La morte del ministro pakistano per le minoranze, Shahbaz Bhatti, avvenuta il 2 marzo scorso davanti alla sua abitazione di Islamabad, nonostante lo sdegno che ha provocato presso la comunità internazionale, è motivo di evidente sollievo per il governo pakistano.
Le indagini, operate in modo approssimativo e deficitario dagli inquirenti, non hanno ancora portato a nulla, anzi, i colpevoli non verranno mai assicurati alla giustizia. Il capo del Comitato di inchiesta per l’omicidio, ha infatti chiesto l’archiviazione per mancanza di prove e di indiziati.
Il Governo asseconda in silenzio migliaia di azioni come questa, dimostrando e accettando ogni giorno di più di essere sotto scacco dei fondamentalisti islamici. Ma ciò che più dà forza a questa tesi è la decisione di abolire il ministero che era occupato da Shahbaz Bhatti. Da ieri quello che era a tutti gli effetti un dicastero gestito a livello federale, è stato declassato a dipartimento provinciale.
Islamabad ha inserito questa misura all’interno della riforma federale, dicendo che questo decentramento conferisce maggiore potere agli organi amministrativi locali. Di fatto, la difesa delle minoranze religiose è scomparsa dall’agenda del Governo pakistano, insieme a colui che è morto per questa causa. Ora i cristiani in Pakistan sono carne da macello.
La legge sulla blasfemia, che è come un fucile puntato alla tempia di chi non professa la religione islamica, non è il solo pretesto con il quale le minoranze vengono perseguitate. Sempre più spesso, infatti, i cristiani vengono uccisi con motivazioni apparentemente non religiose: omicidi che sembrano avvenuti per futili motivi hanno in realtà come movente l’odio religioso. L’ultimo caso accertato, raccontato da Asianews, è quello di un impiegato comunale di Lahore, addetto alla pulizia delle strade, che è stato accoltellato a morte da un negoziante musulmano, solo per non aver sgomberato l’immondizia presente davanti all’esercizio commerciale di quest’ultimo.
L’atteggiamento dell’esecutivo, che continua a dichiararsi aperto alle riforme e attento alle esigenze di tutti è forse l’aspetto più preoccupante: ogni apparente passo avanti verso la difesa dei diritti di tutti i cittadini ne comporta almeno due o tre nella direzione opposta. La morte di Shahbaz Bhatti ha scatenato un effetto domino devastante per la già inesistente democrazia pakistana.

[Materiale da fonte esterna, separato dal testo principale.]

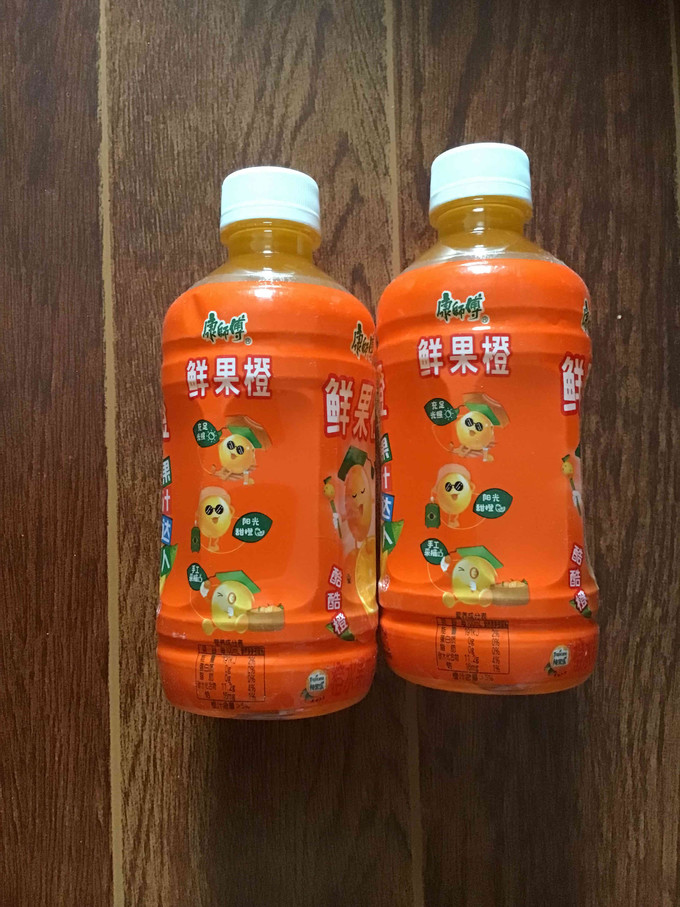 康師傅果汁飲料怎麼樣 來喝點鮮果橙_什麼值得買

La comunità internazionale decida quello che vuole fare, decida se vuole continuare a spalleggiare un governo che gestisce il potere in questa maniera. In Pakistan non esiste lo stato di diritto. È venuto il momento di aprire gli occhi e di smetterla di fingere che la scomparsa di Bin Laden dallo scenario politico internazionale abbia reso il mondo più sicuro.
Non sono queste le vittorie che rispondono agli obiettivi che il mondo libero si prefigge, vale a dire il rispetto dei diritti inalienabili e delle libertà fondamentali di tutti gli uomini. La difesa della libertà religiosa è invece il modo più efficace per favorire un processo virtuoso verso la democrazia.